Chaque Final Fantasy possède son moment marquant, son lieu mythique, son chapitre enivrant. Final Fantasy VII et Midgar, Final Fantasy VIII et tout le passage à Esthar qui rompt avec le reste de l'aventure, Final Fantasy IX et l'arrivée à Lindblum, précédée par la course-poursuite en Aérostat avec le Valseur 3, Final Fantasy X et le tournoi de Blitzball à Luca... Final Fantasy XII réussit le tour de force d'en proposer un par chapitre. Déjà, chaque ville a un véritable charme atypique, comme ce fut notamment le cas dans le IX, de Port Balfonheim, la ville des pirates à la cité céleste de Bhujerba, sans oublier la tentaculaire Archadès. Ensuite la carte du monde propose des lieux aussi variés que sublimes. Bien qu'il soit injuste d'en mettre un en avant plutôt qu'un autre, les Plaines de Giza, La Mer de Sable, le Désert Est de Dalmasca et les Terres Mortes de Nabreus sont particulièrement enchanteurs.
"Omega, bêta..."
Plus que toute autre franchise vidéo-ludique, Final Fantasy divise. Contrairement à un GTA, jamais un Final Fantasy ne parviendra à mettre tout le monde d'accord. Au banc des présumés coupables, son système de jeu, son univers parfois mièvre, ses clichés nombreux et assumés. En réalité, excepté le strict plan des graphismes (chaque FF étant en soi une révolution visuelle), la saga s'entiche davantage à l'expérience émotionnelle procurée qu'au simple gameplay. Inutile de le nier : le plaisir ressenti manette en main lorsque l'on traverse l'état de San Andreas plein gaz sur du Lynyrd Skynrd est autrement plus intense qu'en découpant du Lycaon sur les plaines de Giza. Final Fantasy XII a eu le mérite de justement renier ces principes archaïques pour enfin coupler son univers immersif à un gameplay ludique et passionnant, où le combat devient un plaisir et non plus un simple levelling. Première nouveauté et non des moindres, la fin des combats aléatoires. Pour la première fois de l'histoire de la saga, les ennemis sont directement visibles sur la carte. Découper du loup devient rapidement un plaisir sadique. Le bestiaire est évidemment un régal, bien qu'il manque parfois ce gigantisme propre à la plupart des monstres de Final Fantasy. C'était pour mieux mettre en avant les boss, dont certains sont d'ores et déjà devenus mythiques pour les fans de RPG (Omega Marx XIII et le Dragon Ancestral en l’occurrence). Et quels combats ! La difficulté a été ré-haussée et un bon niveau ne suffit pas sans bonne stratégie. Les affrontements n'ont jamais été aussi épiques, au point que certaines victoires vous feront lever de vos canapés de joie (Saloperie de Zodiarche !)... Et certaines défaites jeter la manette par la fenêtre (Foutu Maître des Ténèbres !). Les fous furieux tenteront les challenges devenus légendaires sur la toile, notamment finir le jeu en low-level... Re-jouabilité conséquente donc, ce qui est déjà un critère d'excellence.

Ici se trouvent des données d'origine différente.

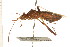 (Megalotomus quinquespinosus - CNC-HEM-1271)  @14 [ ] CreativeCommons - Attribution (2010) Unspecified Centre for Biodiversity Genomics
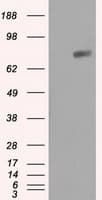 RIP1 / RALBP1 Antibody (clone OTI6E8)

On regrettera toutefois les invocations, très mal travaillées. Une rumeur veut qu'à l'origine Yasumi Matsuno comptait offrir aux éons un gameplay unique dans l'histoire de la saga, en passant à un système de combat type A-RPG plus proche des Kingdom Heart, où l'on aurait enchaîné du Dracosaure avec Bélias sans jauge Active Time Battle. Une idée géniale, à côté de ce que nous a pondu Square Enix. Quand un éon est vaincu, il est alors possible de l'acquérir avec l'un des personnages. Lors des combats, son utilisation requiert au minimum un tiers de vos Mp (selon les impulsions débloquées) et vous prive de deux de vos combattants. L'éon agit de manière autonome et sa fureur ne peut être déclenchée que sous certains critères contraignants jamais expliqués dans le jeu. Du coup, là où l'on prenait plaisir à rôtir de la Chimère purgatrice avec un Mega-Atomnium de Bahamut dans FFX, on se prive sans mal de ces créatures, dont l'acquisition sied davantage au collectionneur compulsive qu'au joueur occasionnel. En réalité, seul Bélias joue un rôle quant à l'avancée de l'intrigue. Notons toutefois cette volonté de changement bien inspirée, en renommant les invocations. Exit les Shiva, Ifrit, Bahamut, Odin et autres Leviathan, place à Ultima, Zaléra et Chaos... Shemhazai, Adrammelech, Cúchulainn, Mateus, Famfrit... En fait non, c'était pas si bien inspiré que ça.
One Winged Angel
Loin d'être un RPG comme les autres, Final Fantasy douzième du nom se démarque assez clairement de ses prédécesseurs en ce qu'il est plus convaincant que persuasif. Il ne fait pas appel aux émotions et aux sentiments, mais à l'imagination la moins puérile. En ce sens, il a perdu son public vieillissant qui paradoxalement, attend toujours d'un Final Fantasy qu'il le ramène sur les rivages d'une enfance révolue, en refusant coûte que coûte de verser dans le jeunisme. Cela s'en ressent jusque dans la bande originale. Nobuo Uematsu n'est plus seul maître à bord. Le piano enchanteur laisse place à l'orchestre épiquen quasi-cinématographique. Là encore, l'OST de FF XII marque une vraie rupture, privilégiant l'envoûtant au pénétrant. Certains thèmes sont d'ailleurs particulièrement marquants. Il est une nouvelle fois injuste de mettre en avant un titre au profit d'un autre, mais les thèmes du Grand Cristal et du Palais Enfoui de Sohen sont de purs psychotropes sonores. Sans oublier Destiny, le thème de Balthier qui se paye un pur morceau, histoire de convaincre les sceptiques qu'il est bel est bien "Le premier rôle".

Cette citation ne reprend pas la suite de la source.